The bar was on the floor for Jamie Drysdale. During the Philadelphia Flyers defenseman’s month-long absence due to injury, as the team was continuing to play decent hockey and improve from when Drysdale was actually on the team; the young blueliner’s reputation sank among the fan base.
It was already fairly low to begin with. Drysdale has had an incredibly rough first several months as a Flyer, since coming over here from the Anaheim Ducks in the infamous Cutter Gauthier trade. His second half of the 2023-24 season was marred with injury, so the hope was that with a summer to get fully healthy, he would come swinging and maybe fulfill that sixth-overall pick potential as a contributor on the blue line. Unfortunately, after being a ghost to start this season and having players like Cam York and Travis Sanheim be the superior defensemen, Drysdale was out with another injury.
But, there is hope.
Drysdale made his return to the ice on Sunday night against the Utah Hockey Club, and with us gritting our teeth, palms all sweaty in anticipation for what we would see from the 22-year-old; trying to determine if we should grab our pitchforks or not — he was actually pretty dang good.
The young defenseman did just about everything you could have asked for aside from scoring and appearing on the box score after 60 minutes. Drysdale was bang even at 5-on-5 when it came to the shot attempt share, but thanks to the quality of those attempts earned exceptional an on-ice expected goals share of 77.42%, according to Natural Stat Trick. The Flyers had seven shots on goal when he was on the ice, and Utah was held to just two. And, Drysdale was on the ice for both Flyers goals and none of the four that Utah eventually scored in the Flyers’ 4-2 loss. On an individual basis, Drysdale managed to also get three shot attempts off, get one shot on goal, block two shots, and possibly most importantly suffered just one giveaway but earned three takeaways on Sunday.
All of that in 18 minutes and 54 seconds of ice time and on the third pair with Nick Seeler. Not too shabby at all.
And beyond the recorded numbers, Drysdale almost made an immaculate return with notching a goal of his own. The tally was eventually called back due to Travis Konecny interfering with the Utah netminder, but it’s really the effort that counts (beyond scoring his second goal of the season).
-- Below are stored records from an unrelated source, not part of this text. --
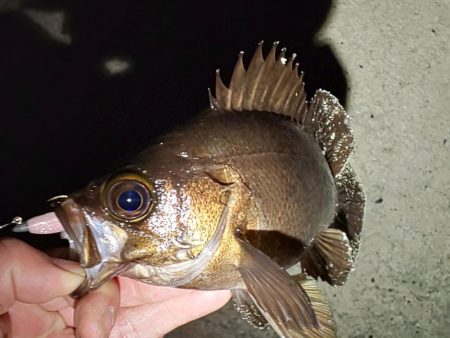 困った時のガルプ頼み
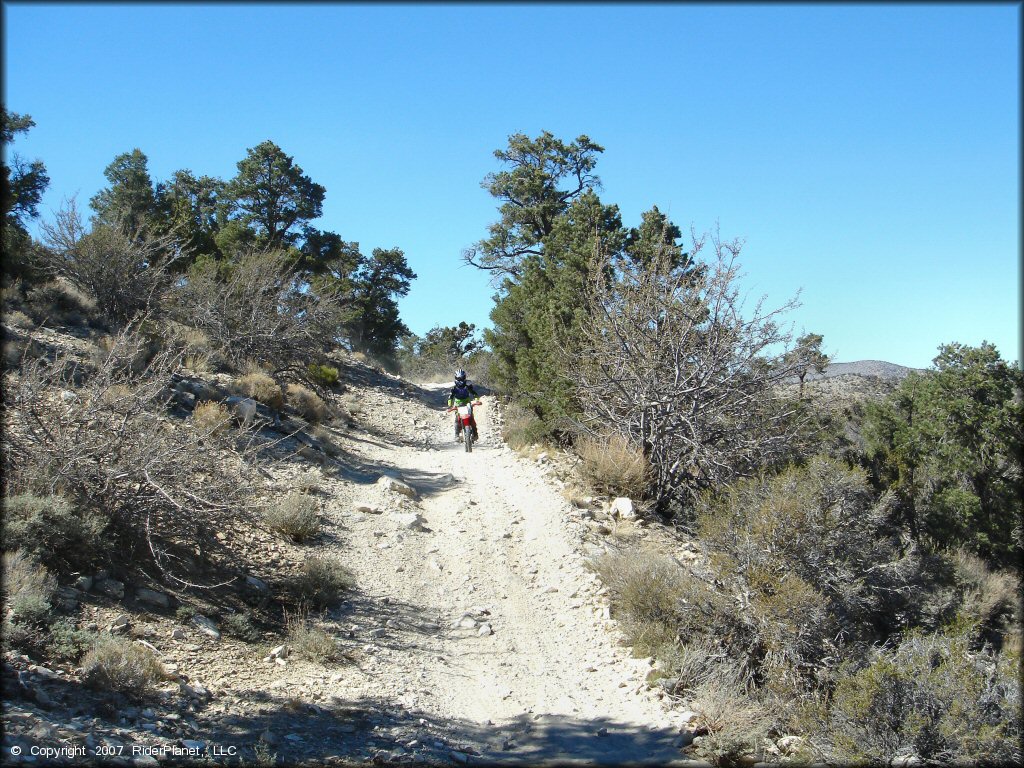 Honda CRF Trail Bike at Big Bear Lake Trail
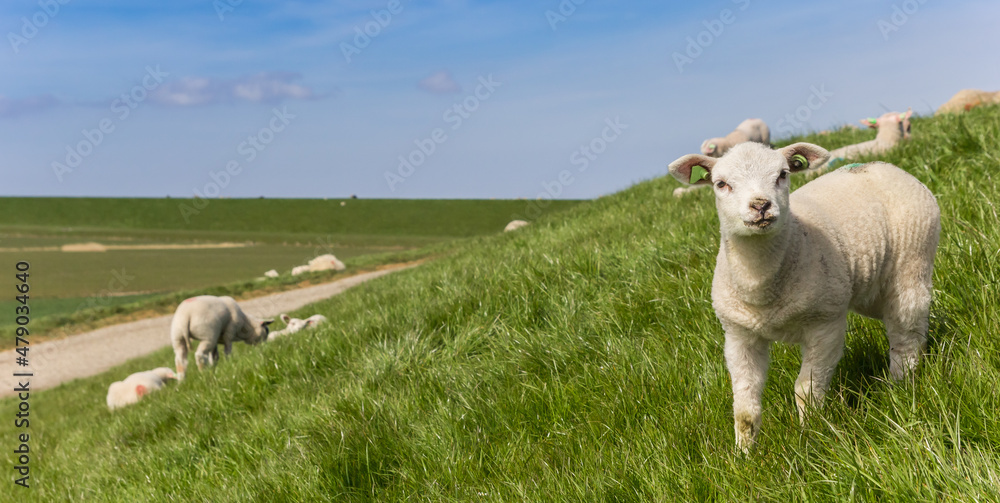 Panorama of a little white lamb on a dike in Friesland, Netherlands Panorama of a little white lamb on a dike in Friesland, Netherlands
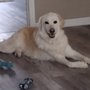 Carolina Pet Resort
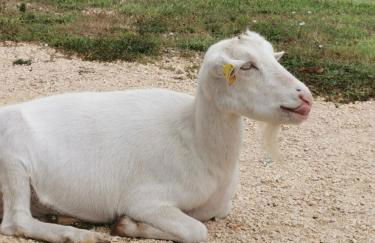 Les gîtes de la nouvelle vie - Foto 31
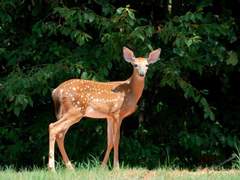 [해리스네]질투하는 해리 썰 2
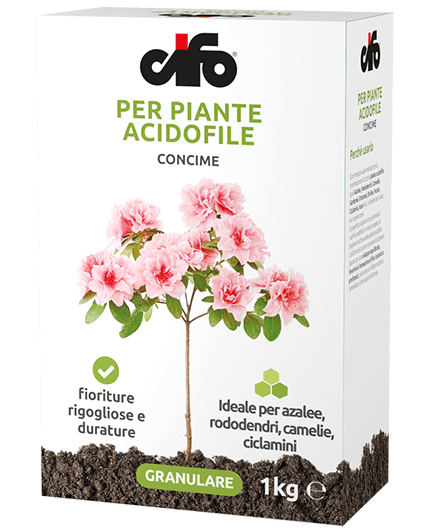 Concime Granulare Piante Acidofile Cifo 1 Kg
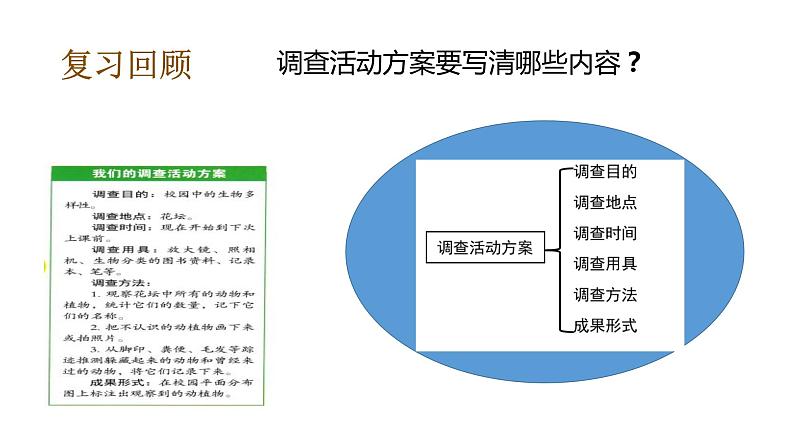 教科版(2017秋）六年级科学下册2.2制作校园生物分布图（课件44张ppt+素材)06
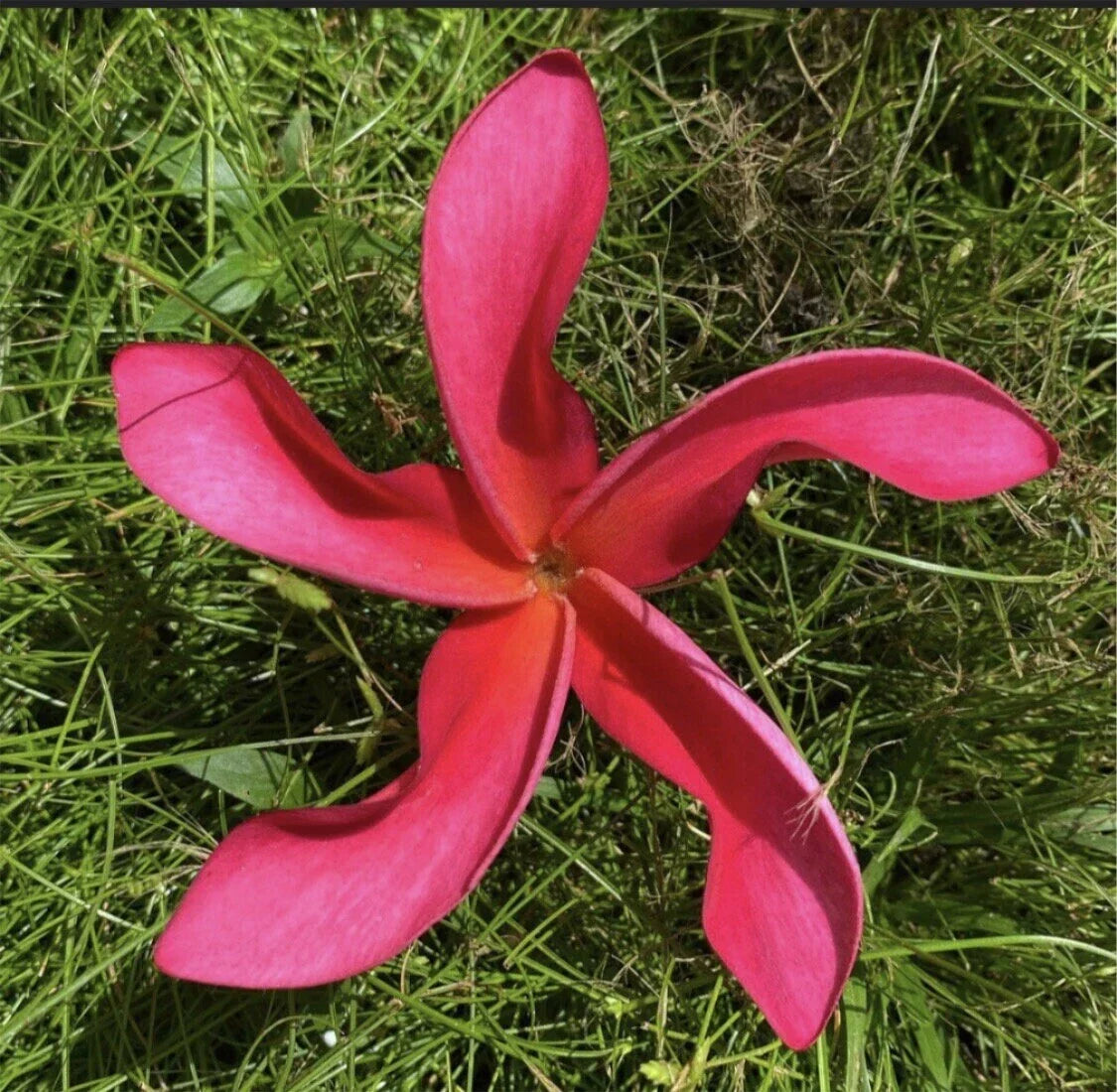 Rooted Plumeria Cutting - Cosmos Variety - 20 Inches - Frangipani - Hawaii Grown, Tropical Flowering Plant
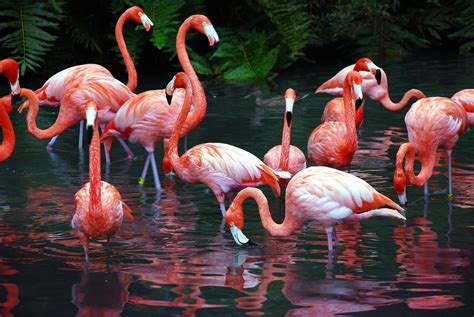 Download 12,000+ royalty free flamingo bird vector images. Flamingo Bird Wallpapers - Wallpaper Cave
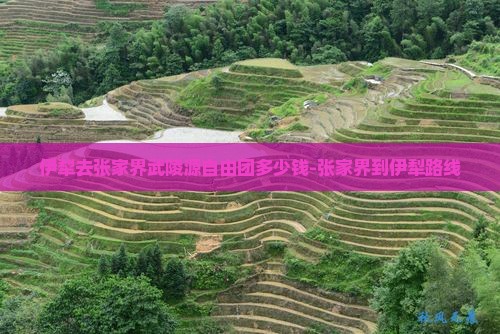 伊犁去张家界武陵源自由团多少钱-张家界到伊犁路线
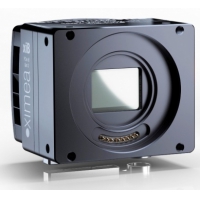 高分辨率相机（CB019MG-LX-X8G3）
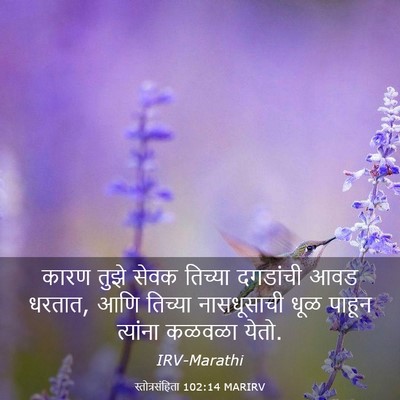 Picture 03 - स्तोत्रसंहिता 102:14 MARIRV - कारण तुझे सेवक - Bible Verse Picture
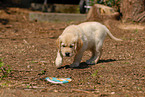 Golden Retriever puppy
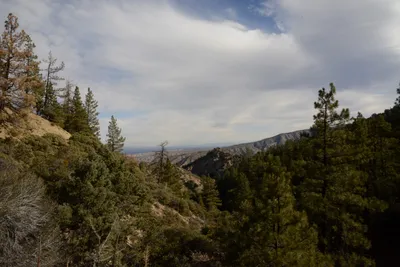 DSC_6244 (Large).JPG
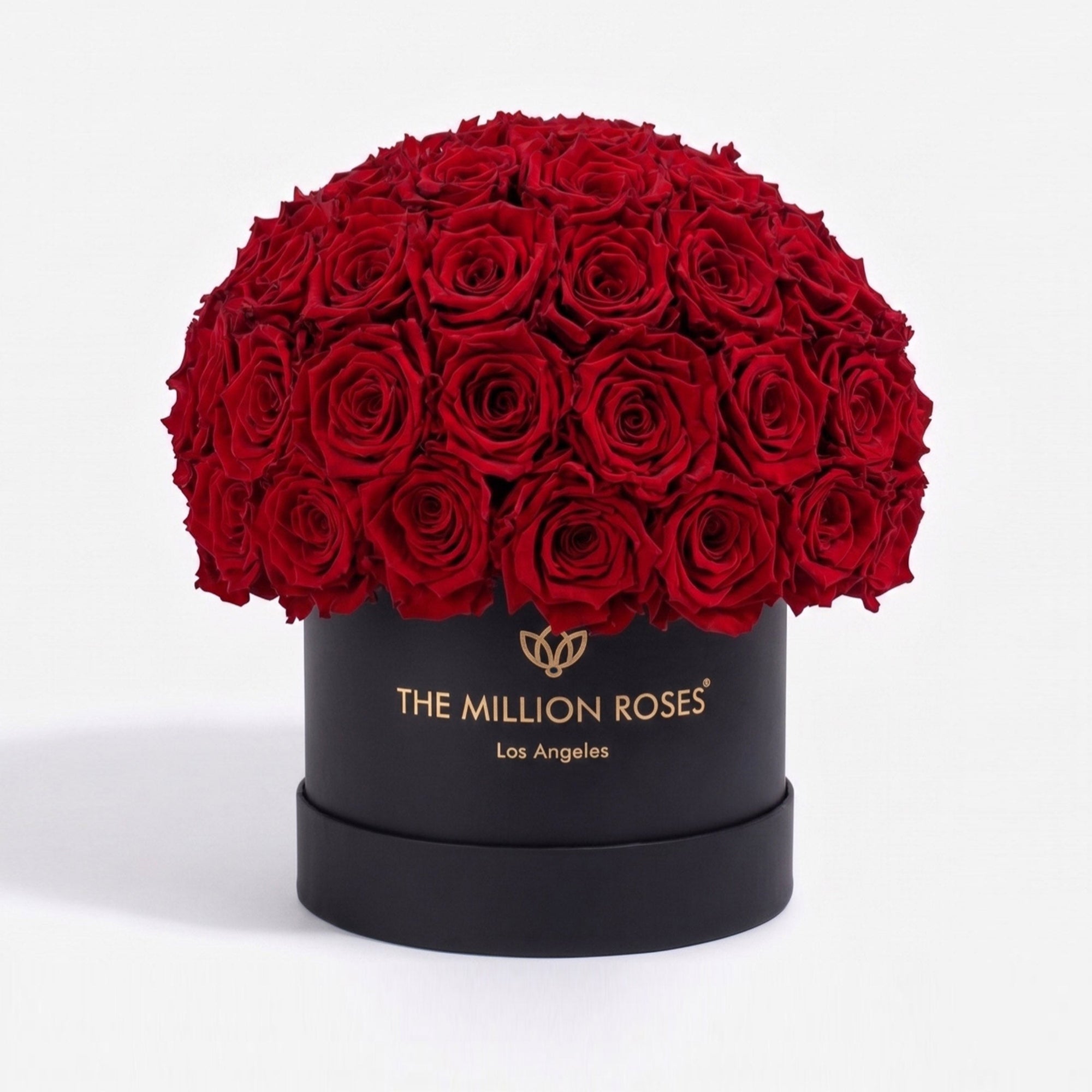 Classic Black Superdome Box by The Million Roses - main product image for Resin Society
While he had to walk away without earning a point, by our eyes — and just about everyone else’s — Drysdale looked much more in-sync with the game than he was to start this season. He was quicker in his reactions and was able to make several plays with the puck that felt like he was truly getting what head coach John Tortorella is saying when he mentions playing at a high pace. While at other times, Drysdale would be caught with possession and just get trucked or get the puck stripped off his stick, on Sunday the young blueliner was able to truly look the part of an eventual top-four defenseman that can be responsible in all three zones.
With this start on the bottom pair, there’s less desperate need for Drysdale to do everything that he was able to do in his earlier years. Now, it feels like he just needs to get back in the right development path and he could be something special, eventually.